Excerpts from a dataset:
-=-=-=-=-

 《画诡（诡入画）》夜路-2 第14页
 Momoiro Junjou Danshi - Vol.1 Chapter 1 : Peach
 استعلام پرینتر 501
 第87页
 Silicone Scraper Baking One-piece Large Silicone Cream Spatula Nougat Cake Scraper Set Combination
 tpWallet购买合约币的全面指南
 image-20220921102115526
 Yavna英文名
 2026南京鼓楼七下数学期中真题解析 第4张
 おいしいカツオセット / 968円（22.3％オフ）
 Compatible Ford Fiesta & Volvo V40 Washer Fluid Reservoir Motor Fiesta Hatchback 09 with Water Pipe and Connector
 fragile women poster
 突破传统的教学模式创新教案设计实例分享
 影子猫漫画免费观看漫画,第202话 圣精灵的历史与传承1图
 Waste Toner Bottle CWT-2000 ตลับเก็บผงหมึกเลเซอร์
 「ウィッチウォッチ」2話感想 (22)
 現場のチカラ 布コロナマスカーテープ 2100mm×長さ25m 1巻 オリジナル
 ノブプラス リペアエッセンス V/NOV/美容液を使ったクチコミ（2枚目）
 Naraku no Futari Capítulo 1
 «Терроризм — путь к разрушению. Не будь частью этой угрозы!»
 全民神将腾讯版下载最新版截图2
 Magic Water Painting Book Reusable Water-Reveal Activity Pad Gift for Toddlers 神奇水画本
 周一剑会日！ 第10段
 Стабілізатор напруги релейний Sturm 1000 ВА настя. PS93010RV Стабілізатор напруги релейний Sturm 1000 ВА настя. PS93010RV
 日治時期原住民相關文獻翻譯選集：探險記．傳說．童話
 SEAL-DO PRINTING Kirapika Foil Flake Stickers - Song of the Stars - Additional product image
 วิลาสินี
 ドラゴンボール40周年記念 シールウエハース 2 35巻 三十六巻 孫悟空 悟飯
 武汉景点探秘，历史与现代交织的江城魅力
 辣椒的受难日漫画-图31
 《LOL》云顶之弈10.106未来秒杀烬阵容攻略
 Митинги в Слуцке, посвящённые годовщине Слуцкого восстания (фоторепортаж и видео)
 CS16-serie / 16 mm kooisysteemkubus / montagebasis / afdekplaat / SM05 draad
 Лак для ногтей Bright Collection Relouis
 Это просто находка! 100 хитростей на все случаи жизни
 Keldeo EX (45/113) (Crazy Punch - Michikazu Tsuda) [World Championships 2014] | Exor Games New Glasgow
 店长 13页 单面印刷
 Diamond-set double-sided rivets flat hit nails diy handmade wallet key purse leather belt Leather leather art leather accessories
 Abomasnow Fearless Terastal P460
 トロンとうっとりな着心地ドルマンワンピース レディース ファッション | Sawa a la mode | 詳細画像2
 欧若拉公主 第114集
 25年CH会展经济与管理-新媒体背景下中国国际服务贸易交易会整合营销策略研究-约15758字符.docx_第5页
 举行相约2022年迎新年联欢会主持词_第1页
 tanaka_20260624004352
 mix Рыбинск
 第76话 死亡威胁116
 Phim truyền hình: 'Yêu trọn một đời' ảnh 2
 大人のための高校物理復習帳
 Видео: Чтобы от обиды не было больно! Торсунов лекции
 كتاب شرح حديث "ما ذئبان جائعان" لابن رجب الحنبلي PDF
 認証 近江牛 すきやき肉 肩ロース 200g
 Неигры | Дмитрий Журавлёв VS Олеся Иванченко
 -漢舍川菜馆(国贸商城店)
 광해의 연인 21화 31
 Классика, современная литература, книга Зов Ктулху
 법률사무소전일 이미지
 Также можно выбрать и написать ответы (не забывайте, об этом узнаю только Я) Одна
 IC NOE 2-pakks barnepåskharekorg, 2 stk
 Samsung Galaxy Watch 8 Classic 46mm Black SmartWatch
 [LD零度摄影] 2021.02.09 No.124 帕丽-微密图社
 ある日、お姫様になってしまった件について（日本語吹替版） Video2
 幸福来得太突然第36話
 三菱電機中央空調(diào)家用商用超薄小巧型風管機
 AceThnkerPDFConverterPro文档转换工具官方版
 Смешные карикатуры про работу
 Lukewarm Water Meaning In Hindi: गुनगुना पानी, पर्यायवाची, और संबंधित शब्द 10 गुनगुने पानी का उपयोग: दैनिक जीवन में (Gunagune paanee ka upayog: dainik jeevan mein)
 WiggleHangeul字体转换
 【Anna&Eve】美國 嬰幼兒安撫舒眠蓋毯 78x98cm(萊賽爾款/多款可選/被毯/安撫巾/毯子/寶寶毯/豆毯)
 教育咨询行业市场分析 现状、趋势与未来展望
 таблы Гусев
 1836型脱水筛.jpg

-=-=-=-=-

PROBLEM DESCRIPTION:
Nothing in the records should differ from the original when you retype them.

OUTPUT:
 《画诡（诡入画）》夜路-2 第14页
 Momoiro Junjou Danshi - Vol.1 Chapter 1 : Peach
 استعلام پرینتر 501
 第87页
 Silicone Scraper Baking One-piece Large Silicone Cream Spatula Nougat Cake Scraper Set Combination
 tpWallet购买合约币的全面指南
 image-20220921102115526
 Yavna英文名
 2026南京鼓楼七下数学期中真题解析 第4张
 おいしいカツオセット / 968円（22.3％オフ）
 Compatible Ford Fiesta & Volvo V40 Washer Fluid Reservoir Motor Fiesta Hatchback 09 with Water Pipe and Connector
 fragile women poster
 突破传统的教学模式创新教案设计实例分享
 影子猫漫画免费观看漫画,第202话 圣精灵的历史与传承1图
 Waste Toner Bottle CWT-2000 ตลับเก็บผงหมึกเลเซอร์
 「ウィッチウォッチ」2話感想 (22)
 現場のチカラ 布コロナマスカーテープ 2100mm×長さ25m 1巻 オリジナル
 ノブプラス リペアエッセンス V/NOV/美容液を使ったクチコミ（2枚目）
 Naraku no Futari Capítulo 1
 «Терроризм — путь к разрушению. Не будь частью этой угрозы!»
 全民神将腾讯版下载最新版截图2
 Magic Water Painting Book Reusable Water-Reveal Activity Pad Gift for Toddlers 神奇水画本
 周一剑会日！ 第10段
 Стабілізатор напруги релейний Sturm 1000 ВА настя. PS93010RV Стабілізатор напруги релейний Sturm 1000 ВА настя. PS93010RV
 日治時期原住民相關文獻翻譯選集：探險記．傳說．童話
 SEAL-DO PRINTING Kirapika Foil Flake Stickers - Song of the Stars - Additional product image
 วิลาสินี
 ドラゴンボール40周年記念 シールウエハース 2 35巻 三十六巻 孫悟空 悟飯
 武汉景点探秘，历史与现代交织的江城魅力
 辣椒的受难日漫画-图31
 《LOL》云顶之弈10.106未来秒杀烬阵容攻略
 Митинги в Слуцке, посвящённые годовщине Слуцкого восстания (фоторепортаж и видео)
 CS16-serie / 16 mm kooisysteemkubus / montagebasis / afdekplaat / SM05 draad
 Лак для ногтей Bright Collection Relouis
 Это просто находка! 100 хитростей на все случаи жизни
 Keldeo EX (45/113) (Crazy Punch - Michikazu Tsuda) [World Championships 2014] | Exor Games New Glasgow
 店长 13页 单面印刷
 Diamond-set double-sided rivets flat hit nails diy handmade wallet key purse leather belt Leather leather art leather accessories
 Abomasnow Fearless Terastal P460
 トロンとうっとりな着心地ドルマンワンピース レディース ファッション | Sawa a la mode | 詳細画像2
 欧若拉公主 第114集
 25年CH会展经济与管理-新媒体背景下中国国际服务贸易交易会整合营销策略研究-约15758字符.docx_第5页
 举行相约2022年迎新年联欢会主持词_第1页
 tanaka_20260624004352
 mix Рыбинск
 第76话 死亡威胁116
 Phim truyền hình: 'Yêu trọn một đời' ảnh 2
 大人のための高校物理復習帳
 Видео: Чтобы от обиды не было больно! Торсунов лекции
 كتاب شرح حديث "ما ذئبان جائعان" لابن رجب الحنبلي PDF
 認証 近江牛 すきやき肉 肩ロース 200g
 Неигры | Дмитрий Журавлёв VS Олеся Иванченко
 -漢舍川菜馆(国贸商城店)
 광해의 연인 21화 31
 Классика, современная литература, книга Зов Ктулху
 법률사무소전일 이미지
 Также можно выбрать и написать ответы (не забывайте, об этом узнаю только Я) Одна
 IC NOE 2-pakks barnepåskharekorg, 2 stk
 Samsung Galaxy Watch 8 Classic 46mm Black SmartWatch
 [LD零度摄影] 2021.02.09 No.124 帕丽-微密图社
 ある日、お姫様になってしまった件について（日本語吹替版） Video2
 幸福来得太突然第36話
 三菱電機中央空調(diào)家用商用超薄小巧型風管機
 AceThnkerPDFConverterPro文档转换工具官方版
 Смешные карикатуры про работу
 Lukewarm Water Meaning In Hindi: गुनगुना पानी, पर्यायवाची, और संबंधित शब्द 10 गुनगुने पानी का उपयोग: दैनिक जीवन में (Gunagune paanee ka upayog: dainik jeevan mein)
 WiggleHangeul字体转换
 【Anna&Eve】美國 嬰幼兒安撫舒眠蓋毯 78x98cm(萊賽爾款/多款可選/被毯/安撫巾/毯子/寶寶毯/豆毯)
 教育咨询行业市场分析 现状、趋势与未来展望
 таблы Гусев
 1836型脱水筛.jpg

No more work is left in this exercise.